- DATASET EXTRACT

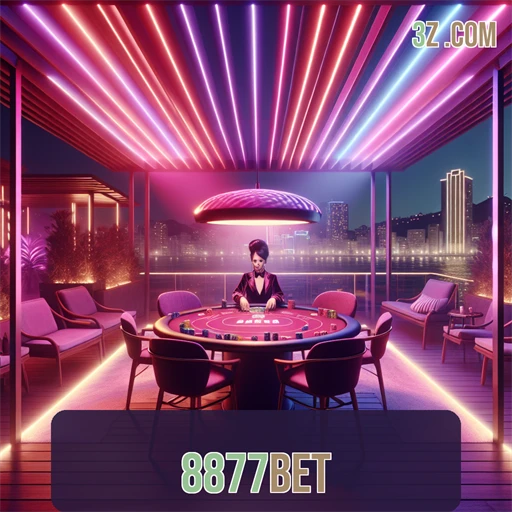 Apostas Inovadoras: A Revolução da 8877bet no Brasil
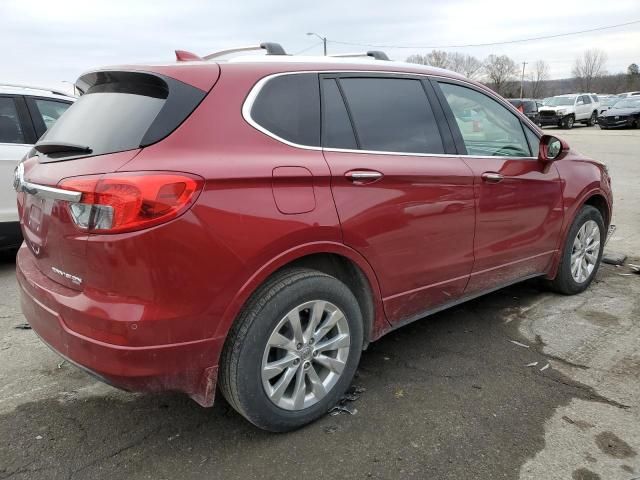 2017 Buick Envision Essence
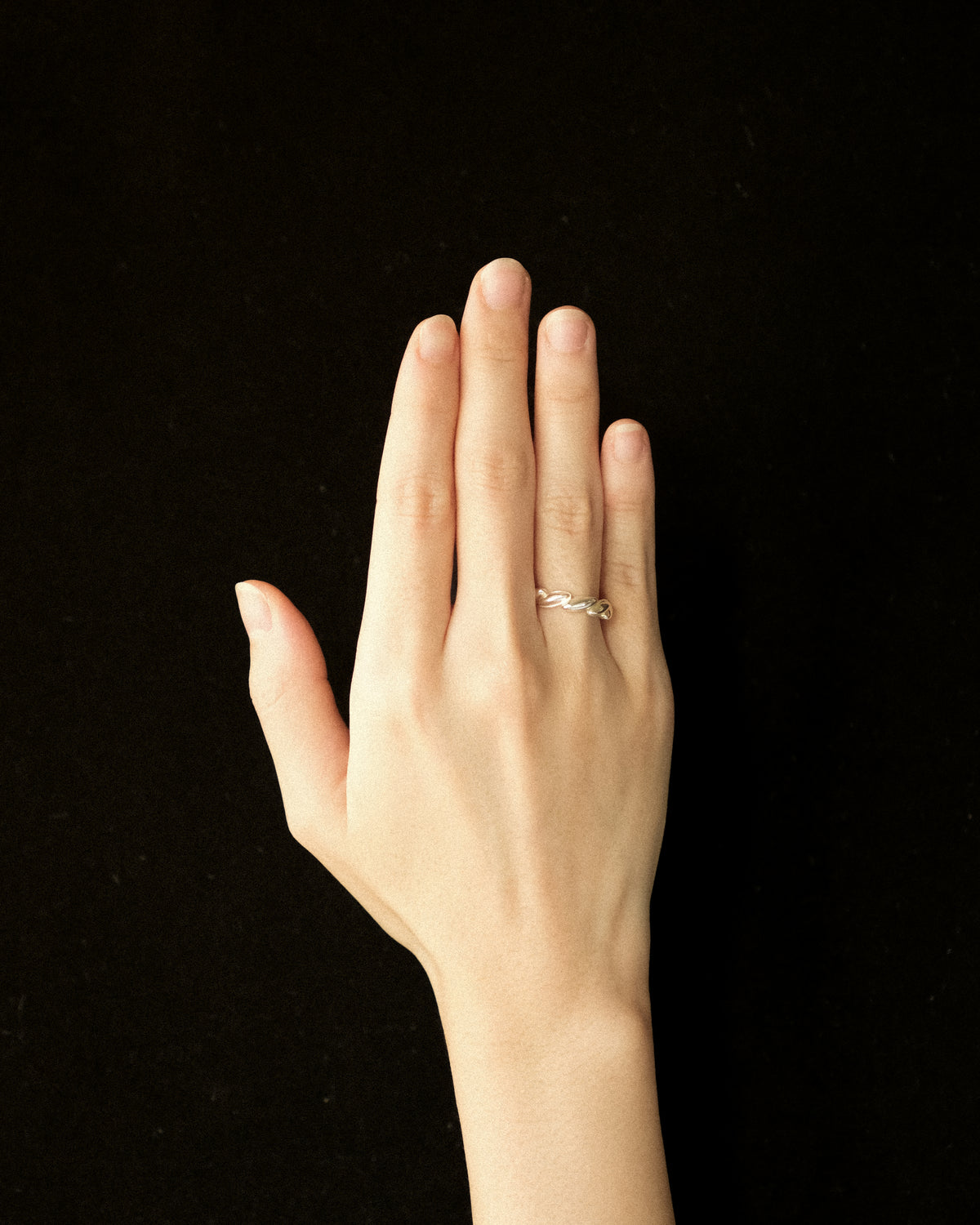 Seme Orzo Band Ring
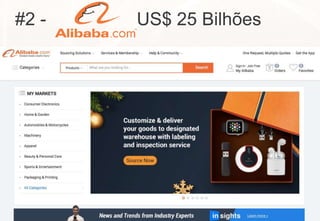 #2 - US$ 25 Bilhões
 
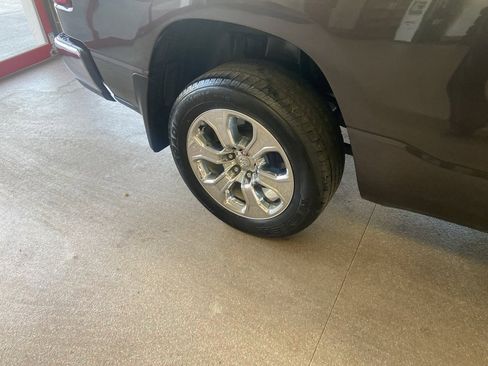 Used 2021 RAM 1500 Big Horn image 24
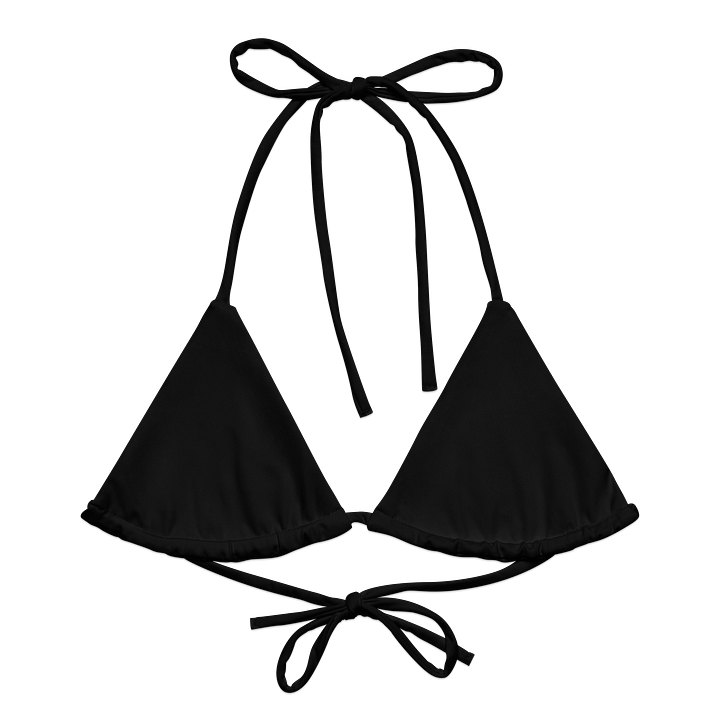 Shawty's Celestial Exclusive Premium String Bikini Top product image (2)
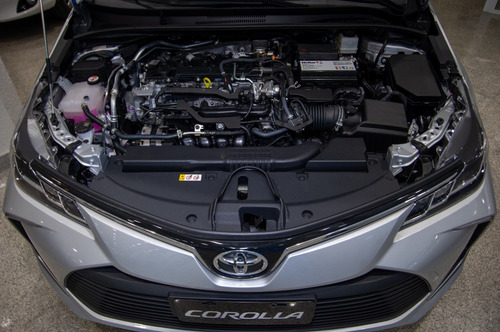 Imagen 3 de 20 de Toyota Corolla 2.0 Xli Cvt Plan Adjudicado Ant. Y Cuotas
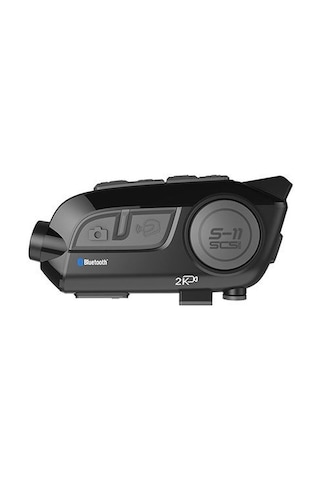 SCS S11 Kameralı Bluetooth ve Intercom N11.460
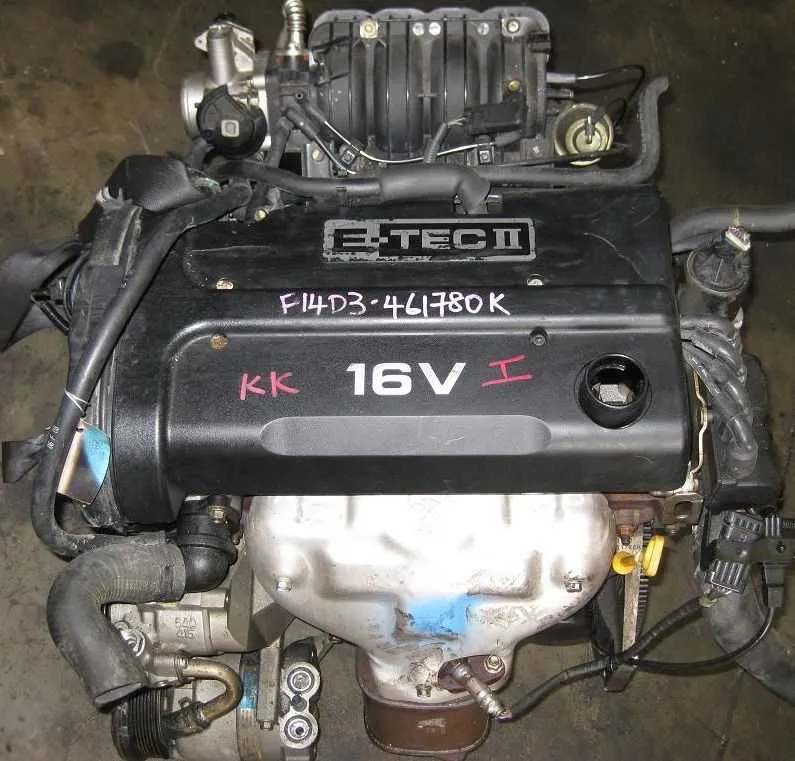 Chevrolet F14D4
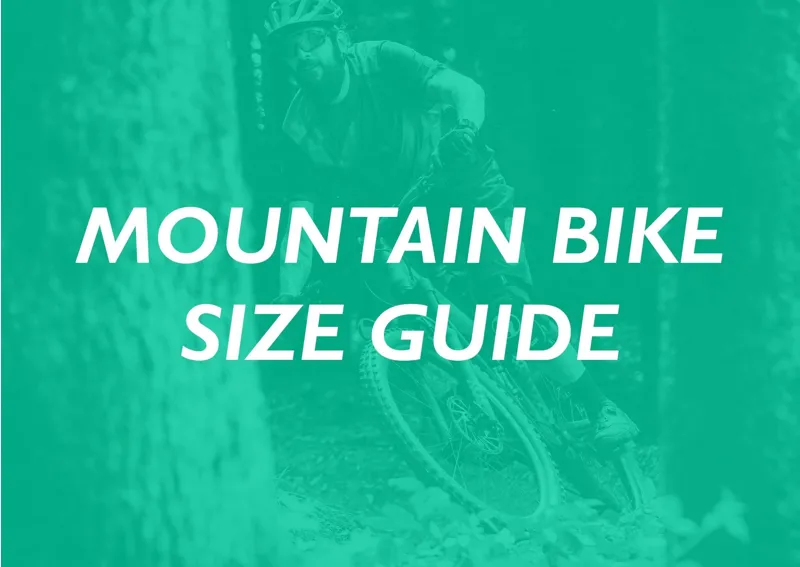 MTB Size Guide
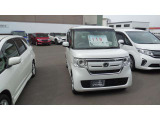 N-BOX G L ターボ ホンダセンシング 4WD 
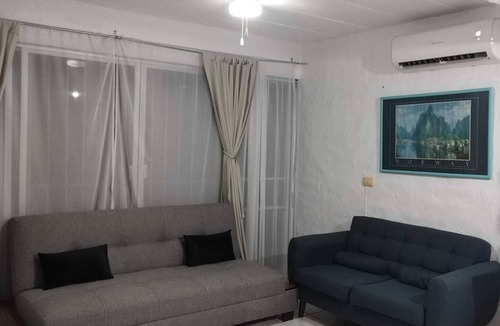 Romantic Zone Apartment | Departamento Céntrico a 2 Cuadras de la Playa, con Seguridad 24 Horas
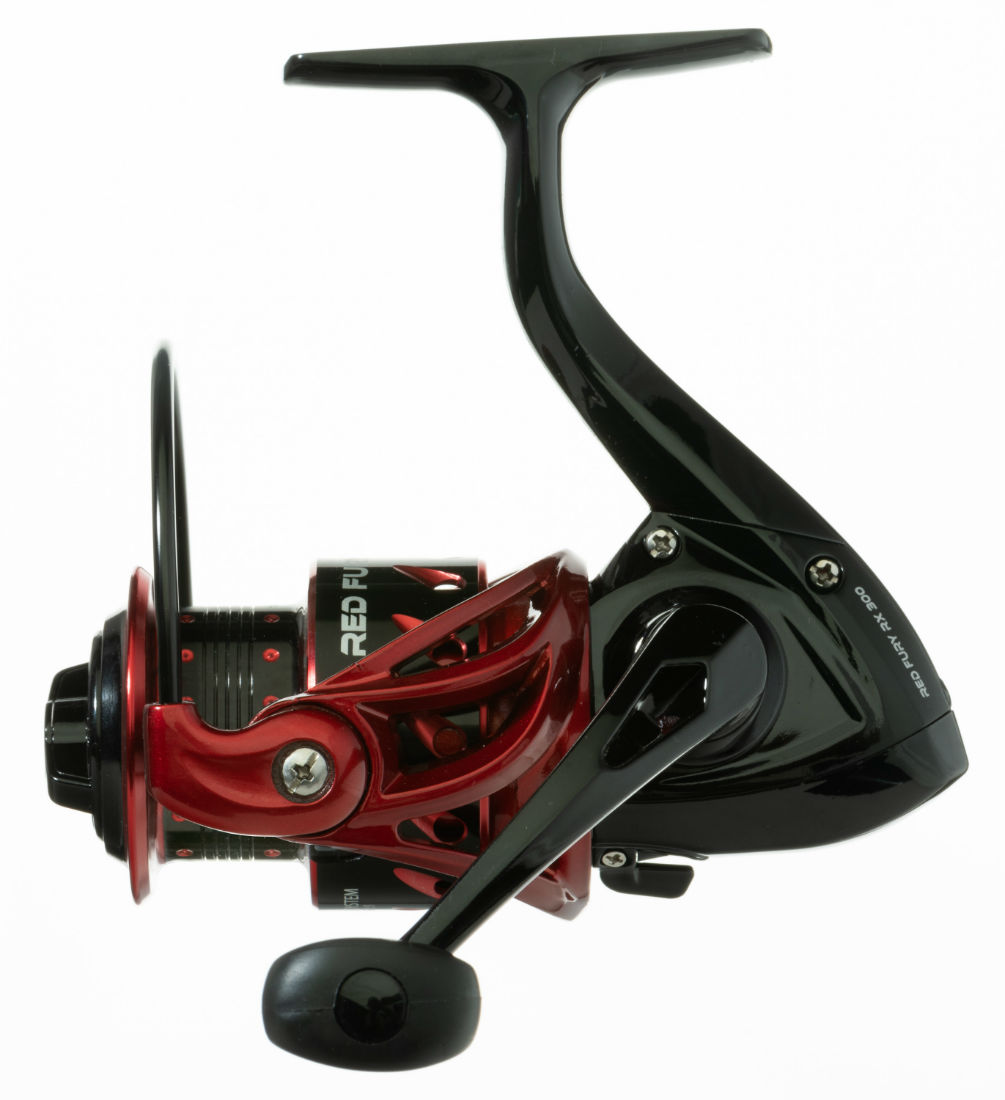 MULINETA RED FURY MATCH RX 200M 5RUL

- WHAT THE TASK REQUIRES
Give back exactly the run of lines that opens the material above and ends at the line with "Shawty's Celestial Exclusive". Omit the pictures.

- RESULT
 Apostas Inovadoras: A Revolução da 8877bet no Brasil
 2017 Buick Envision Essence
 Seme Orzo Band Ring
 #2 - US$ 25 Bilhões
 
 Used 2021 RAM 1500 Big Horn image 24
 Shawty's Celestial Exclusive Premium String Bikini Top product image (2)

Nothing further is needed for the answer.